Taylor series finding sin(x^2)+cos(x) from sin(x^2) and cos(x) alone

[IntegrateMe]

If I want to find the taylor series at x = 0 for sin(x^2)+cos(x)...

sin(x^2) = x^2 - x^6/3! + x^10/5! - x^14/7! ...
cos(x) = 1 - x^2/2! + x^4/4! - x^6/6! ...

So why does sin(x^2) + cos(x) = 1 + x^2/2! + x^4/4! + 121x^6/6! ...?

Thanks!

 

[Poopsilon]

I get -121x^6/6!, other then that just give the fractions a common denominator and add.

 

[IntegrateMe]

yes, sorry, it is a minus sign...can you explain that more elaborately? I think I'm starting to understand, but I'm not quite there yet.

 

[Poopsilon]

Well the 1 + x^2/2! + x^4/4! is hopefully obvious. As for the -121x^6/6!, you need to add those terms in your two taylor series which have an x^6 in them, so that is - x^6/3! and - x^6/6!. But before you can add these fractions you need to give them a common denominator.
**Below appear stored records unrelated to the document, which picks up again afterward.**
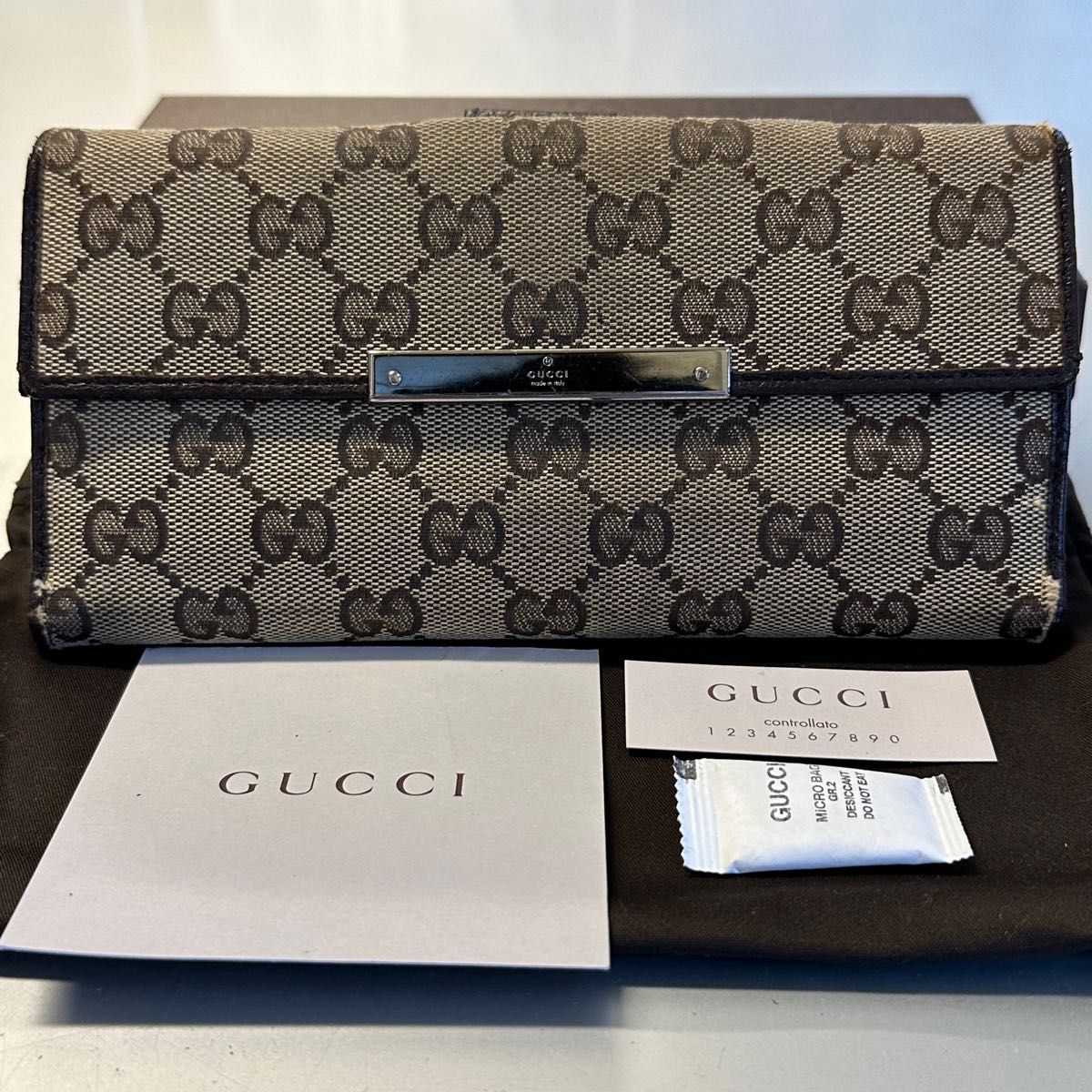 未使用に近い グッチ GUCCI 財布 長財布 GGキャンバス Yahoo!フリマ（旧）-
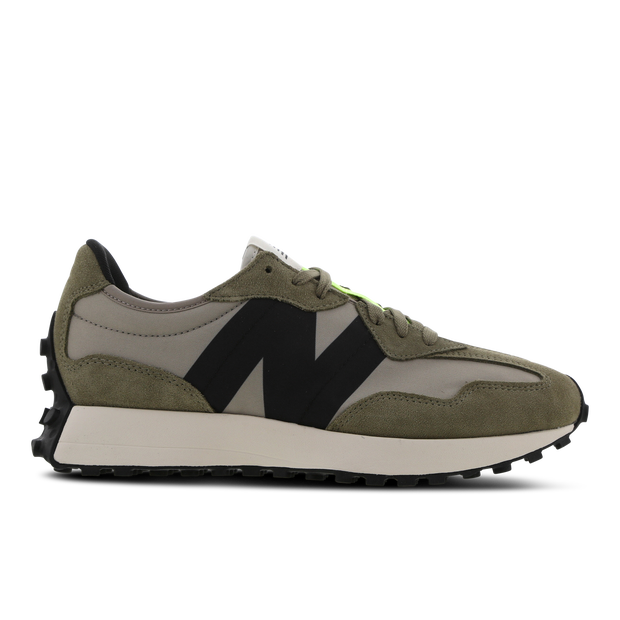 Hombres New Balance 327 - Aluminum/Covert Green, Aluminum/Covert Green - MS327IB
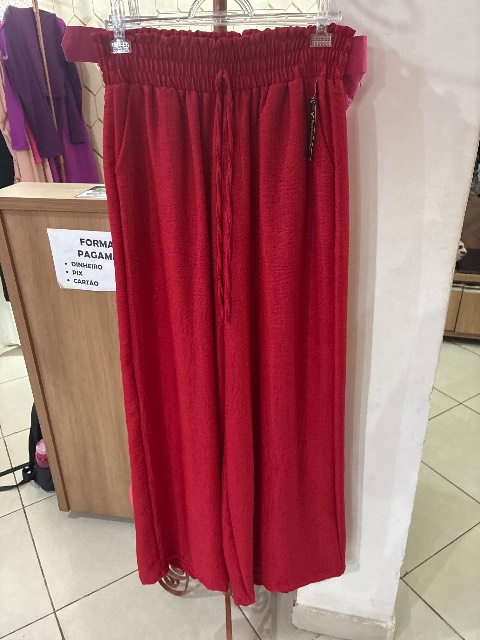 Calça pantalona c/ elástico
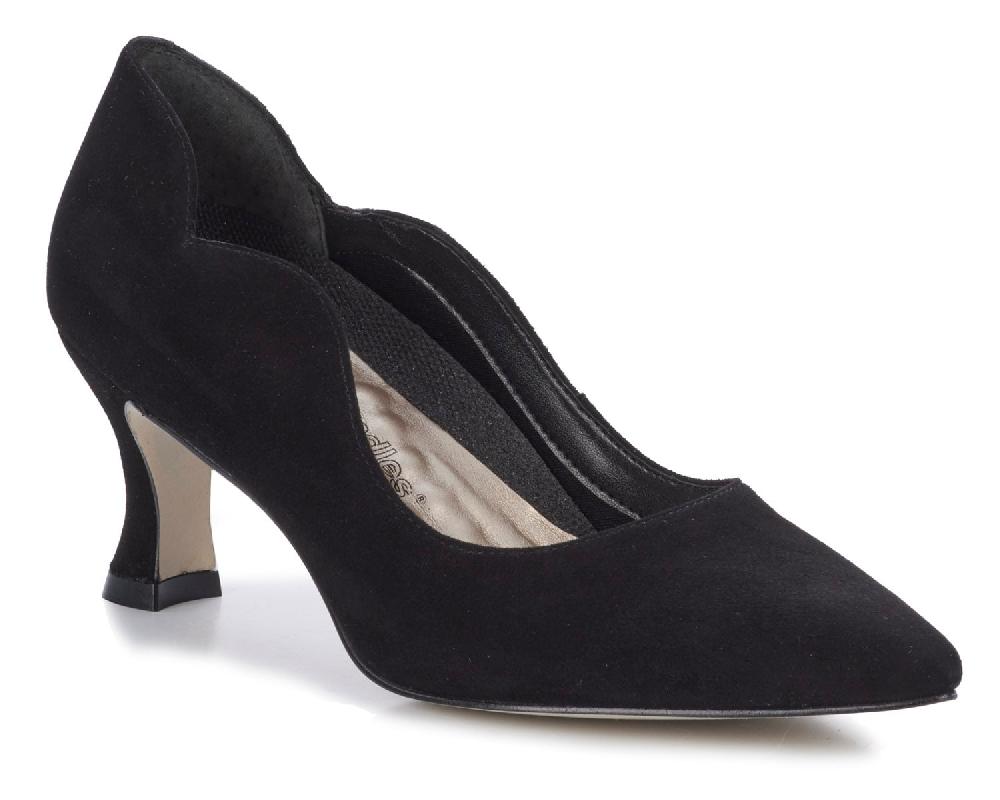 ros hommerson WC SELENA Black Suede/Black Patent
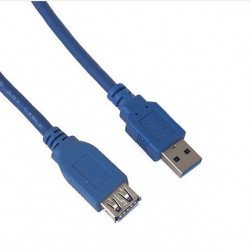 USB кабел VCOM Кабел USB 3.0  Extension AM / AF - CU302-1.8m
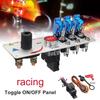 12 В автоматический светодиодный гоночный автомобиль, зажигание двигателя, включение/выключение, кнопочный тумблер, панель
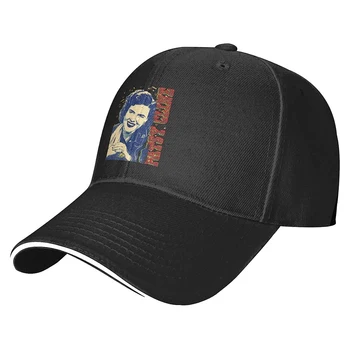 Бейзболна шапка на Patsy Singer Cline, шапка-сандвич, класическа шапка за татко, Спортна шапка за активна почивка, Регулируем шапка, черен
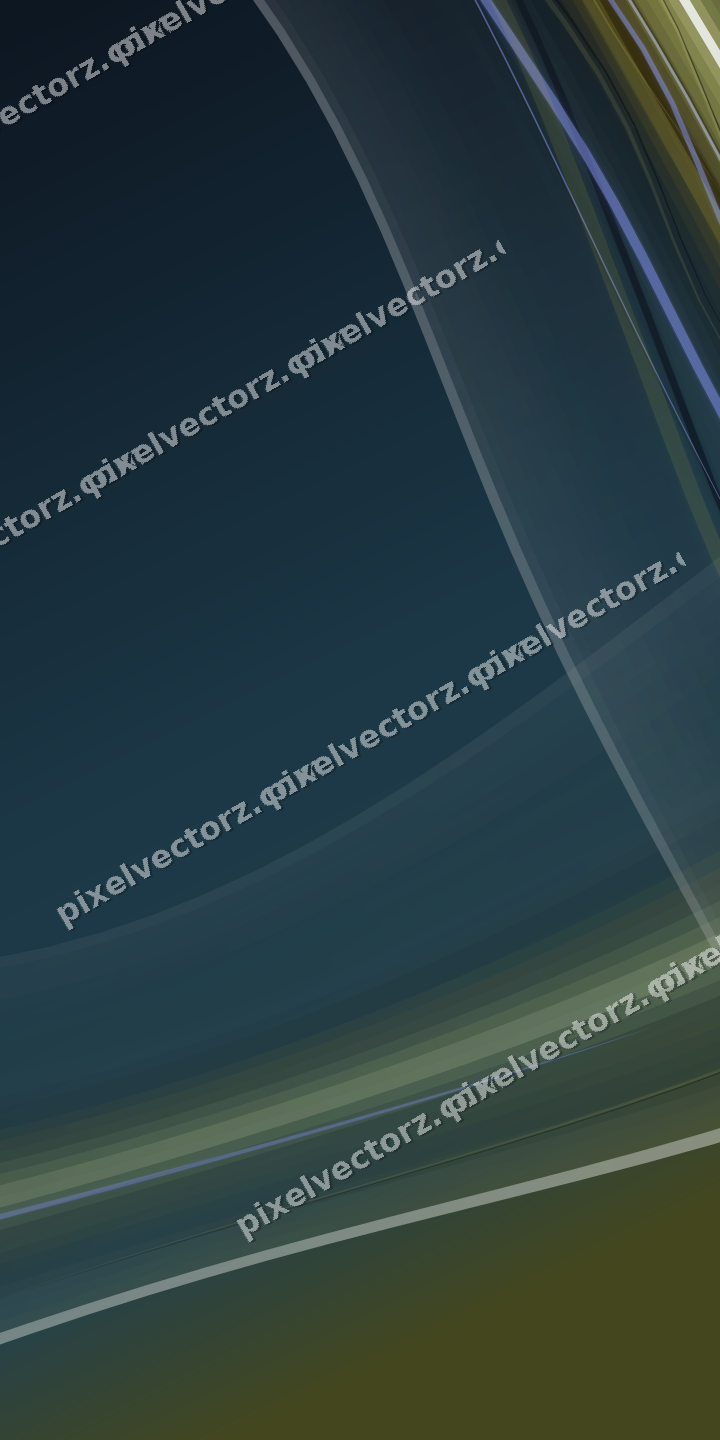 Abstrakter Glasbogen in Dunkelbernstein und Gelb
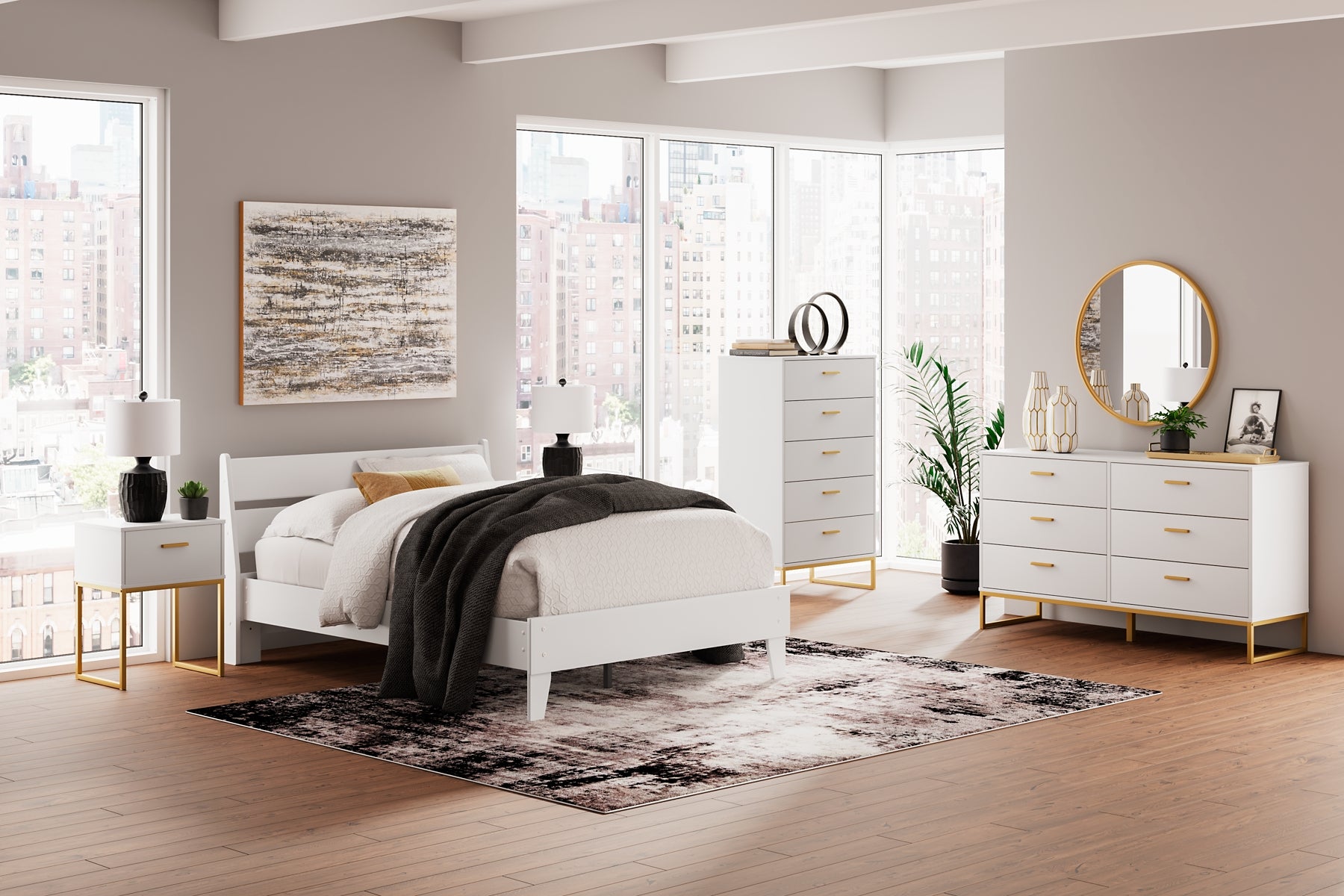 Socalle Twin Panel Headboard with Dresser, Chest and 2 Nightstands Signature Design by Ashley®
Remember 6! = 6*5*4*3*2*1 and 3! = 3*2*1.

 

[IntegrateMe]

Well the 1 + x^2/2! + x^4/4! is hopefully obvious.

Nope :\

 

[Poopsilon]

Ok forgetting these series are infinite for a minute just consider the numbers you wrote without the ... . Then you are basically adding polynomials correct? So what do you do when you add polynomials well you add the x^2 terms together and you add the x terms together etc. Maybe you could be more specific about what you aren't understanding since I'm not sure how weak/strong your foundation is.